Aurora Signs Collaboration Agreement with Major Research Institute

Cleantech Investing

Aurora Solar Technologies (TSXV:ACU) has announced that it has entered into a collaborative research agreement with Solar Energy Research Institute of Singapore. As quoted in the press release: SERIS is a top-tier applied research institute and has close ties with solar product manufacturers throughout Asia. The purpose of Aurora’s joint research with SERIS is to …

Aurora Solar Technologies (TSXV:ACU) has announced that it has entered into a collaborative research agreement with Solar Energy Research Institute of Singapore.

As quoted in the press release:

SERIS is a top-tier applied research institute and has close ties with solar product manufacturers throughout Asia. The purpose of Aurora’s joint research with SERIS is to advance the infrared reflection and transmission measurement techniques commercially pioneered in the DecimaTM family of products. The Company expects that this will lead to several new commercial applications for the Decima products in solar cell production and will also create opportunities in the growing R&D market for solar cell design and qualification. Under a separate purchase agreement, Aurora will supply SERIS with its latest Decima infrared measurement system, which will be used to characterize the advanced solar cells developed by SERIS.

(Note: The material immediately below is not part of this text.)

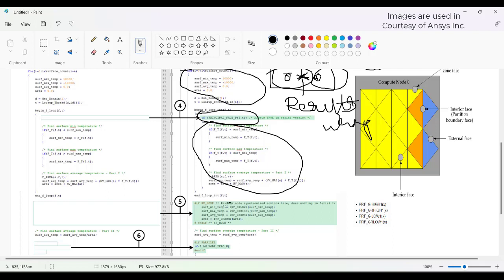If you want to print any minimum or maximum value, you need to use the global reduction macros: PRF_GR_LOW_ONE or PRF_GR_HIGH_ONE. If you directly use surface_minimum, it will only print the minimum value of the cells handled by one node, not the global minimum. To get the global minimum or maximum across all nodes, you must specifically use PRF_GR_LOW or the appropriate global reduction macro.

In January, the Company announced a cooperative project with SERIS on extending the Decima measurement capabilities to include heterojunction (HJ) solar cell manufacturing. HJ technology is a high-efficiency solar cell design that is rapidly being adopted in the industry. This project is already bearing fruit with several solar cell manufacturers expressing interest in evaluating Aurora’s HJ capabilities. Now, with the signing of this CRA, Aurora is joining major cell manufacturers and production equipment makers who are working with SERIS to define and realize the next generation of solar cells, modules and manufacturing technologies as the industry continues growing at over 30 percent per year.

The CRA research is focused on a number of solar cell properties that are critical to quality and performance, such as emitter surface concentration and junction depth that cannot practically be measured in production. Even laboratory testing of these properties is time-consuming and expensive, and in some cases there is no practical way to directly measure the properties at all. However, both Aurora and SERIS anticipate that investigation and further refinement of IR characterization technology can lead to the means to rapidly and easily measure these properties in both volume production and laboratory applications. Realization of these capabilities can have the potential to allow solar cell manufacturers to more quickly and effectively qualify new cell designs, ramp up production lines and control variations in production.